Rebuttal: Authors were asked to specifically discuss the main contributions and novelty of this work, as it was not fully clear. The authors have also stated that this is the first work that can be trained in the frequency domain, which is novel and interesting and can be potentially adapted to other medical imaging problems. They also provide further evidence that their model is more efficient.
Evaluation & Justification: I agree here with R5, that despite the lack of a fair literature review, the idea of this work is interesting and the MICCAI community would benefit from it. I would like to ask the authors to carefully review the references to add any missing work.
- After you have reviewed the rebuttal, please provide your final rating based on all reviews and the authors’ rebuttal.
Accept
- What is the rank of this paper among all your rebuttal papers?

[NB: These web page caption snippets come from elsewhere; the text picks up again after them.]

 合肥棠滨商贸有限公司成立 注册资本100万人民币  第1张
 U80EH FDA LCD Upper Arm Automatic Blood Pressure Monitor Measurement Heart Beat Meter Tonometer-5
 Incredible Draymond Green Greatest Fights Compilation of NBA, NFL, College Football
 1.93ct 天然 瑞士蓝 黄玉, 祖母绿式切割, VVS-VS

Use a number between 1/n (best paper in your stack) and n/n (worst paper in your stack of n papers). If this paper is among the bottom 30% of your stack, feel free to use NR (not ranked).
10
Meta-review #2
- Please provide your assessment of the paper taking all information into account, including rebuttal. Highlight the key strengths and weaknesses of the paper, clarify how you reconciled contrasting review comments and scores, indicate if concerns were successfully addressed in the rebuttal, and provide a clear justification of your decision. If you disagree with some of the (meta)reviewer statements, you can indicate so in your meta-review. Please make sure that the authors, program chairs, and the public can understand the reason for your decision.

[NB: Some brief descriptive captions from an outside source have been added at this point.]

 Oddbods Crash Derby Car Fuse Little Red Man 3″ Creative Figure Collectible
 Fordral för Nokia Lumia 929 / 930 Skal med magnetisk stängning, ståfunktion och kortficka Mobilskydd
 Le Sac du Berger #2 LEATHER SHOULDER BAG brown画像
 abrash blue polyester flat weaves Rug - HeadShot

For the problem of endoscopic image classification, the paper proposes an approach exploiting complex CNNs and the frequency domain. This type of treatment although not unique is not very common and it might be interesting for the community. I support the acceptane of the paper despite some validation weaknesses remaining after rebuttal.
- After you have reviewed the rebuttal, please provide your final rating based on all reviews and the authors’ rebuttal.
Accept
- What is the rank of this paper among all your rebuttal papers? Use a number between 1/n (best paper in your stack) and n/n (worst paper in your stack of n papers). If this paper is among the bottom 30% of your stack, feel free to use NR (not ranked).
5
Meta-review #3
- Please provide your assessment of the paper taking all information into account, including rebuttal. Highlight the key strengths and weaknesses of the paper, clarify how you reconciled contrasting review comments and scores, indicate if concerns were successfully addressed in the rebuttal, and provide a clear justification of your decision. If you disagree with some of the (meta)reviewer statements, you can indicate so in your meta-review. Please make sure that the authors, program chairs, and the public can understand the reason for your decision.

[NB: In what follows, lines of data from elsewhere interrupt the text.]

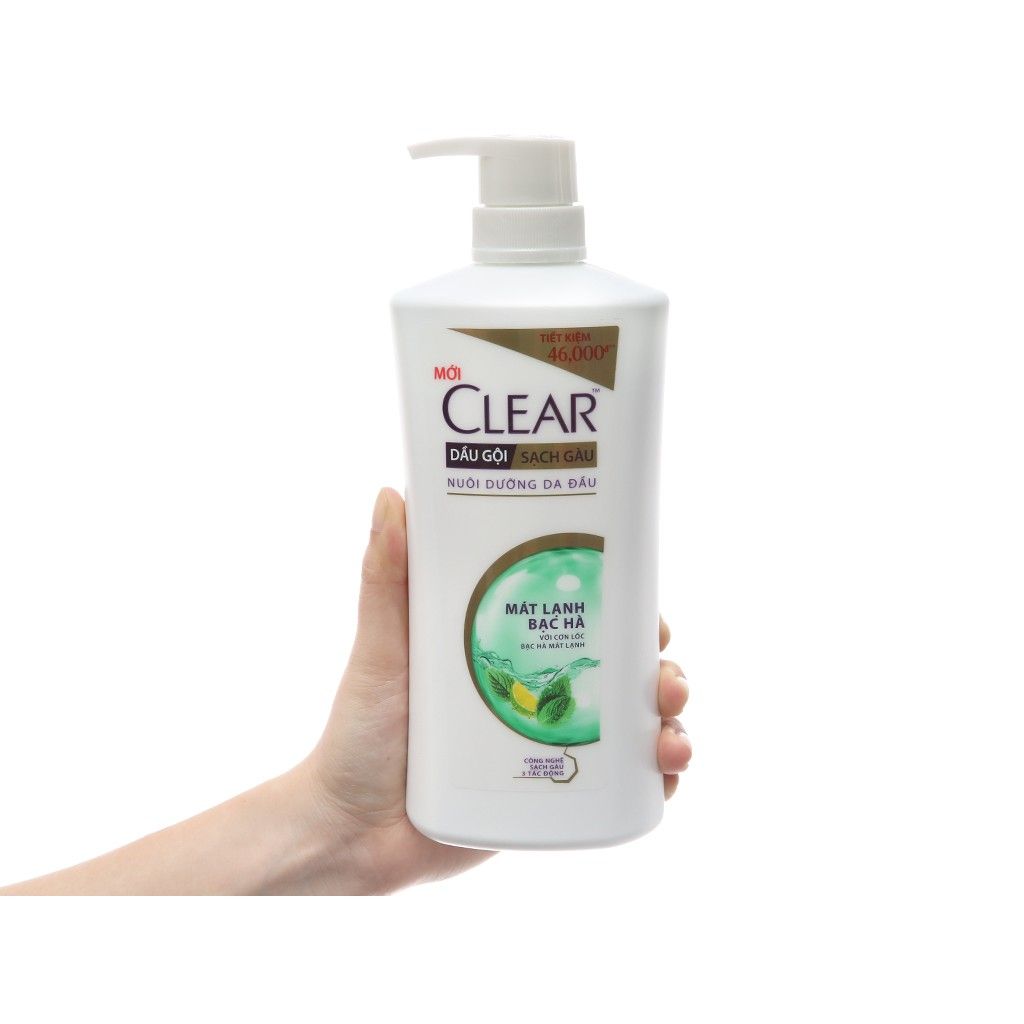 Dầu gội Clear mát lạnh bạc hà 650g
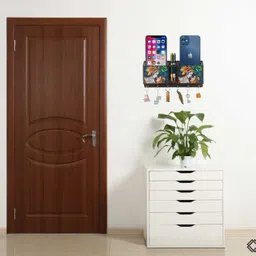 craftzo Radha Krishan Key Holder / Mobile Holder / Wall Decor Items / Home Decor Items/ Wood Key Holder image 3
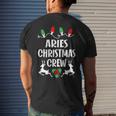 Aries Name Gift Christmas Crew Aries Mens Back Print T-shirt Gifts for Him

The authors have satisfactorily addressed all major concerns in the rebuttal.
- After you have reviewed the rebuttal, please provide your final rating based on all reviews and the authors’ rebuttal.
Accept
- What is the rank of this paper among all your rebuttal papers? Use a number between 1/n (best paper in your stack) and n/n (worst paper in your stack of n papers). If this paper is among the bottom 30% of your stack, feel free to use NR (not ranked).